The TalkPipe framework provides a powerful, composable API for building data processing pipelines. The Pipe API is built on a foundation of abstract base classes that define the core contract for data sources and transformations, enabling users to create complex workflows through simple composition patterns.
TalkPipe follows a Unix-like pipeline philosophy where data flows through a series of connected processing stages. Each stage:
- Receives data from the previous stage
- Performs some transformation or operation
- Passes the result to the next stage
- Supports lazy evaluation through Python iterators
The Pipe API consists of three main components:
- Sources (
AbstractSource) - Generate data without requiring input - Segments (
AbstractSegment) - Transform data from input to output - Pipelines (
Pipeline) - Chain sources and segments together
File: src/talkpipe/pipe/core.py
Sources are the entry points for data pipelines. They generate data without requiring upstream input.

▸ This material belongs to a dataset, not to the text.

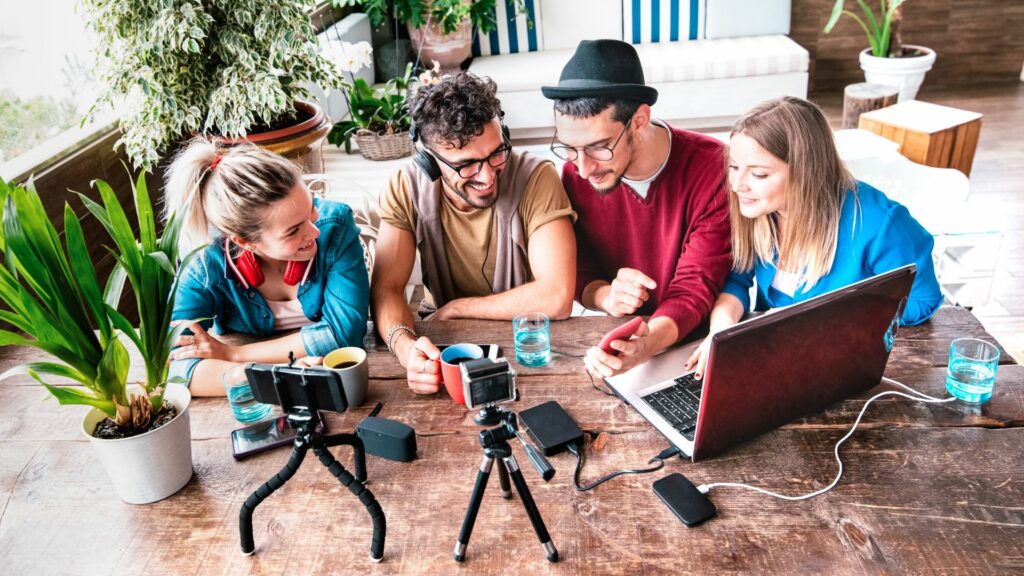 Generation Z marketing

from abc import ABC, abstractmethod
from typing import Generic, Iterator, TypeVar
U = TypeVar("U")
class AbstractSource(ABC, Generic[U]):
@abstractmethod
def generate(self) -> Iterator[U]:
"""Generate data items for the pipeline."""
passKey Characteristics:
- No input required (unlike segments)
- Can be chained with segments using the
|operator - Must implement the
generate()method - Support lazy evaluation through iterators
Common Source Types:
- File readers (CSV, JSON, text files)
- Database queries
- API endpoints
- Random data generators
- User input prompts
File: src/talkpipe/pipe/core.py
Segments are operations that transform data flowing through the pipeline.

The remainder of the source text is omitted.